Schindler's List recreates the true story of Oskar Schindler, the Czech-born southern German industrialist who risked his life to save over 1,300 of his Jewish factory workers from certain death in the concentration camps in Nazi-occupied Poland. 


Thomas Keneally's "documentary novel," based on the recollections of the Schindlerjuden (Schindler's Jews), Schindler himself, and other witnesses, is told in a series of snapshot stories. It recounts the lives of the flamboyant profiteer and womanizer Schindler; Schindler's long-suffering wife, Emilie; the brutal SS (Nazi secret service) commandant Amon Goeth; Schindler's quietly courageous factory manager, Itzhak Stern; and dozens of other Jews who underwent the horrors of the Nazi machinery. 

The book flowers around the actions and ambitions of Schindler, who comes to Kraków, Poland, seeking his fortune and ends up outwitting the SS to protect his Jewish employees. It is the story of Schindler's unlikely heroism and of one man's attempt to do good in the midst of outrageous evil. 

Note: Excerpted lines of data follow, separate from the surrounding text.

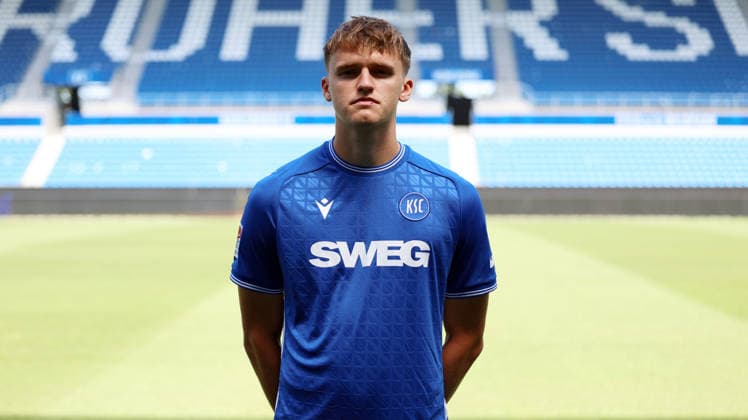 24.07.2026, xrekx, Fussball 2.Bundesliga, Karlsruher SC - Fototermin Saison 2026 27 v.l. Paul Scholl (Karlsruher SC) (DFL DFB REGULATIONS PROHIBIT ANY USE OF PHOTOGRAPHS as IMAGE SEQUENCES and or QUASI-VIDEO) Karlsruhe *** July 24, 2026, xrekx, Soccer, 2. Bundesliga, Karlsruher SC Photo Session, 2026–27 Season, from left: Paul Scholl, Karlsruher SC. DFL and DFB regulations prohibit any use of photographs as image sequences and or quasi-video. Karlsruhe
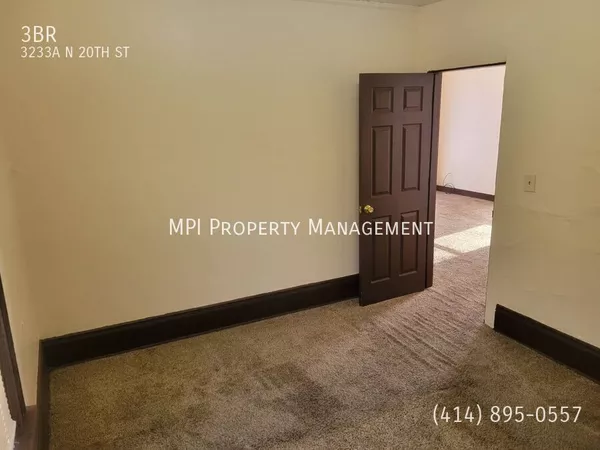 3 bedrooms apartment for rent in Borchert Field - North Mil / North Shore, Milwaukee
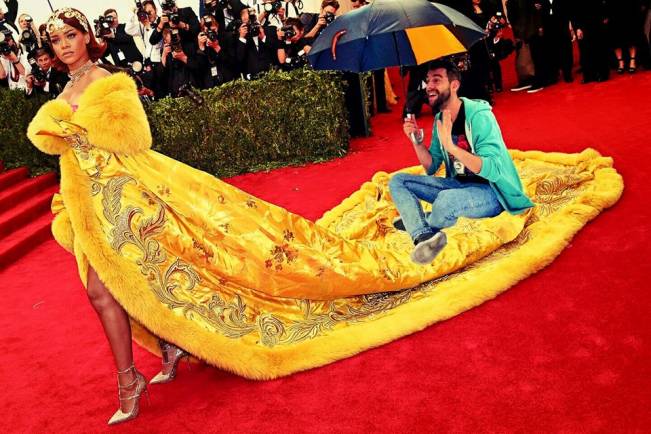 La ce e bună rochia Rihannei | poze haioase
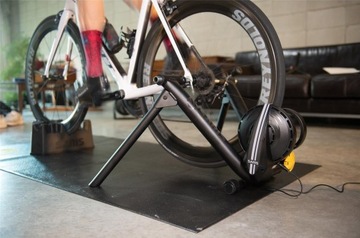 ЗВУЧАЮЩИЙ КОВРИК ПОРОЕННЫЙ РЕЗИНОВЫЙ ДЛЯ ТРЕНАЖЕРА SARIS ELITE TACX WAHOO ZWIFT TRAINER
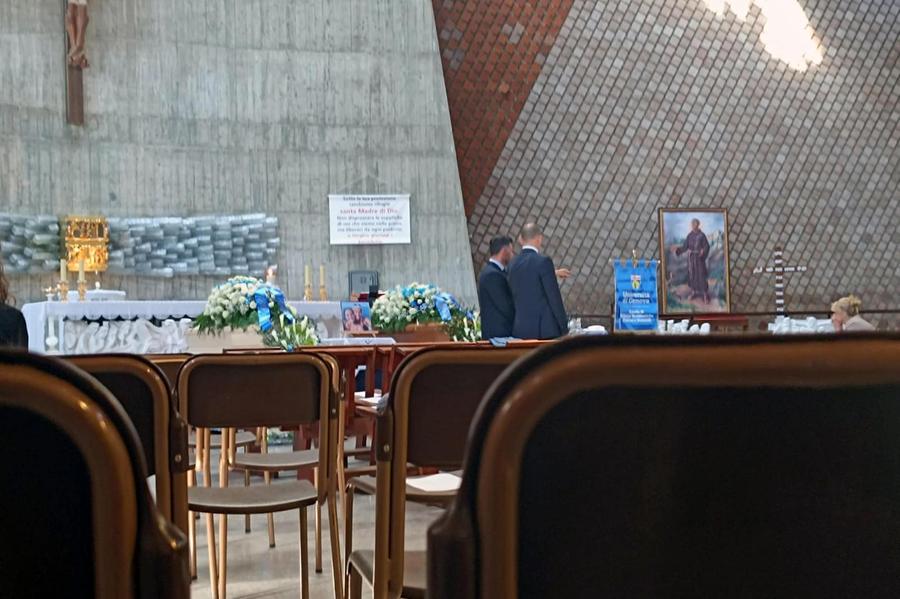 Genova, chiesa gremita per i funerali di Monica Montefalcone e della figlia Giorgia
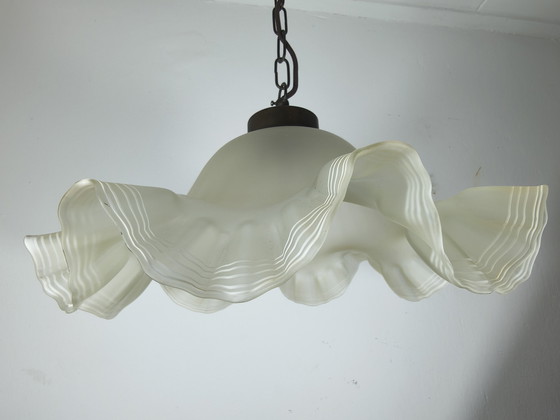 Image 1 of Lampada a sospensione francese vintage in vetro opalino satinato – stile Art Déco – Ø 42 cm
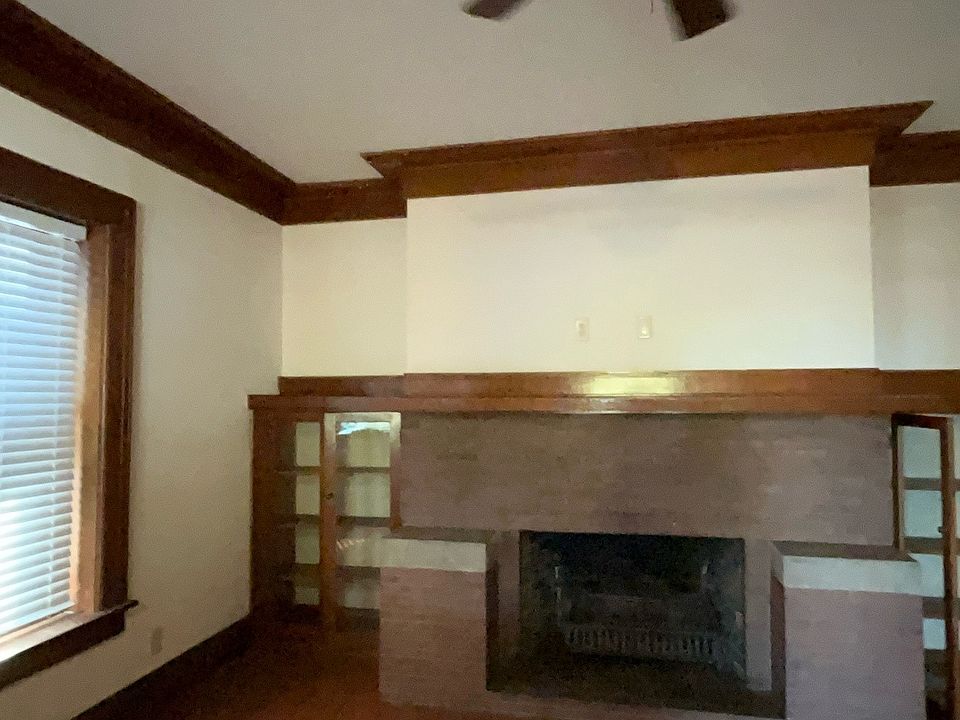 2nd image of 609 E Gorham St #102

The book explores the complex nature of virtue, the importance of individual human life, the role of witnesses to the Holocaust, and the attention to rules and details that sustained the Nazi system of terror.


Keneally's book was first published in Britain in 1982 under the title Schindler's Ark and released as Schindler's List in the United States the same year. When Schindler's Ark won Britain's Booker Prize in 1982, it stirred up controversy, with some critics complaining that the "documentary novel" did not deserve a prize normally reserved for fiction. The debate among critics did not affect the book's enormous popularity with readers, however. It enjoyed renewed interest after its adaptation into a feature film by Steven Spielberg in 1993. In part because of the success of the film, Schindler's List ranks as one of the most popular books ever written about the Holocaust. 

Researching Schindler's List, the author spent two years travelling to eight countries, where he interviewed many of Schindler's Jews and read the numerous testimonies which 
are held at the Martyrs and Heroes Remembrance Authority, Yad Vasbem, Israel. 

Keneally lives in California where he teaches in the graduate writing program at the University of California, Irvine, where he holds a Distinguished Professorship.